I'm going to have to put career advancement - or jutting from one career path to another, at the very least - on hold if I really envision that book materializing. And I have to be happy doing it, happy with the job I spend much time in, serious about planning a research trip to the Philippines. I need to let go of the regret and blame I feel for fucking up the last year or so, of being naive and quitting a job (two jobs), and having the guts to see what I could do; failing, ultimately, and taking me to where I am right now - listening to music that reminds me of summers back home, smoking cigarettes in my bedroom and thinking about what life would be like in Canada, imagining doing the activities I do today would be the norm of every day.
Life throws curveballs often, and getting to the conclusion that you need to adapt - to sink, or to swim - becomes, you hope, inevitable.
What strikes me is that, by the time I became aware of the world outside my suburban bubble in the early 2000s, no one card to expound on Filipino food.
What was "hot" were the cool new restaurants that sprung up in places like Glorietta in Makati, Manila - restaurants in a big outdoor complex from every corner of the world, with one sit-down place serving "traditional" Filipino food. Though we all loved our corner street food stalls, and frequently hung out there still to snack on fishballs or kwek-kwek (quail eggs deep-fried in an orange tempura-like batter) in between classes, the kids who I went to college with all trained to study French techniques, made dishes that tried to recreate what was happening elsewhere in the world. And I get it - to raise our level of prosperity, to compete with the world, the Philippines - top cooking schools taught what modern chefs needed to do to become employed in hotel kitchens and cruise liners around the world. But I never learned to cook sinigang for myself - nor do I remember ever being taught anything in school, formally, of the history of our food, fragmented as we are as a nation. It was just assumed that everyone would know about it, or know someone who could tell you ten essays' worth of information about traditional Filipino cooking.

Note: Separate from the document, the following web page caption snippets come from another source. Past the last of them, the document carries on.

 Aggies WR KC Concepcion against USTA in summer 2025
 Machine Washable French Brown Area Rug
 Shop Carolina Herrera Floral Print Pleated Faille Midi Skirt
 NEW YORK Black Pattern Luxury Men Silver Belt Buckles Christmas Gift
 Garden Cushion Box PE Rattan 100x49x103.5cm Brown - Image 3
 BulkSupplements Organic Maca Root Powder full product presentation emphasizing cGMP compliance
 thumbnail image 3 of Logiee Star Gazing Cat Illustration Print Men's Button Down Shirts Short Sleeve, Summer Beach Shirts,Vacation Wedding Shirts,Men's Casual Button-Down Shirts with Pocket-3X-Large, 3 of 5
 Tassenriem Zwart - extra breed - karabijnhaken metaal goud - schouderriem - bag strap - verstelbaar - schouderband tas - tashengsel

As Manila (and the Philippines) catches up to the rest of the world, and urban sprawl begins to creep out of cities where call centres have successfully taken off, as dense communities pile atop each other and a generation of middle-class Filipino kids grow up dining in expensive restaurants for their birthdays while eating packaged sinigang mix at home - I wonder whether many other young people really know what it's like to eat Filipino. Yes, food is cool and trendy, and people post pictures of their food on every online platform possible - but do we realize how rich, enticing, and emotionally satisfying it is to eat with our mouths, hands and hearts? I feel silly writing about how all this is making me reconsider the food I have such a strong connection with, much simply by memory. My family loves talking about food. My dad tells a story about lechon - about how he remembers my grandmother coming back with a piglet from the palengke (market) in January, and how with his nine other siblings they raised the pig and fattened him up to be a succulent lemongrass-stuffed hog in time for Christmas. We talked about what parts of the pig go into sisig, that dish of chopped, boiled and grilled pig's ears and cheeks, utterly grossing my Canadian-raised teenage sister out - and I find myself wondering whether other people find this interesting as well.

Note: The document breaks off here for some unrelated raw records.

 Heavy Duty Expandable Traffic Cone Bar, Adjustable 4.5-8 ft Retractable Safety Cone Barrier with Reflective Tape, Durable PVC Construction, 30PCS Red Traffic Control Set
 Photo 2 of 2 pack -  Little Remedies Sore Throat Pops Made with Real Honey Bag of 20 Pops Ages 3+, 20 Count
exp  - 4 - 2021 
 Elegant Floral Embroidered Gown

I'm unsure of what I intend on doing with these notes, but I do want to get them down. I want to figure out why in my head, I feel like I can turn this around, to bring awareness of Filipino food to a larger audience. We have so much to share, techniques that food magazines and bloggers dedicate pages and countless photographs to; a respect for ingredients, cooking practices and knowledge passed down generations, on techniques that include grating coconuts using a dedicated coconut-husking bench, backyard sources of plant and animal food, hands-on butchery and nose-to-tail cooking, not letting a scrap go to waste - like fads, these concepts and popular thinking streams on food circle back to their roots, of recognizing the immediate and real bounty of everything that can be grown, harvested, and eaten around you - no matter what part of the world you're in.
Here are passages from one of my favourite writers, Doreen Gamboa Fernandez, from an essay called "Slow Food" (Savor the Word, Anvil Publishing) that I'd like to share.
When Nita, my cook, goes home to Gapan, Nueva Ecija, she always returns bearing a native, free-range chicken which she had chosen live in the market, taken home in a net bag, and boiled lightly in water and salt at her sister's home. With it she brings the souring element: dahon ng sampaloc - the tiny leaves and flowerets picked from tamarind bushes.
The resulting dish, sinampalukang manok sparked with ginger bits, is ambrosia. It is not sinigang na manok, which is soured with boiled and mashed tamarind fruit. This is chicken - and its liver, gizzard, heart and blood -
tenderized and flavoured with tamarind sprouts and flowerets, its sourness at a gentle edge, its tastiness uniquely pleasurable.
The is slow food, Philippine style, and I am ready to campaign door-to-door to make sure that food like this is not endangered, is not erased from collective memory, is preserved for Filipinos of the future, along with other dishes like it.
Doreen has inspired me to write more.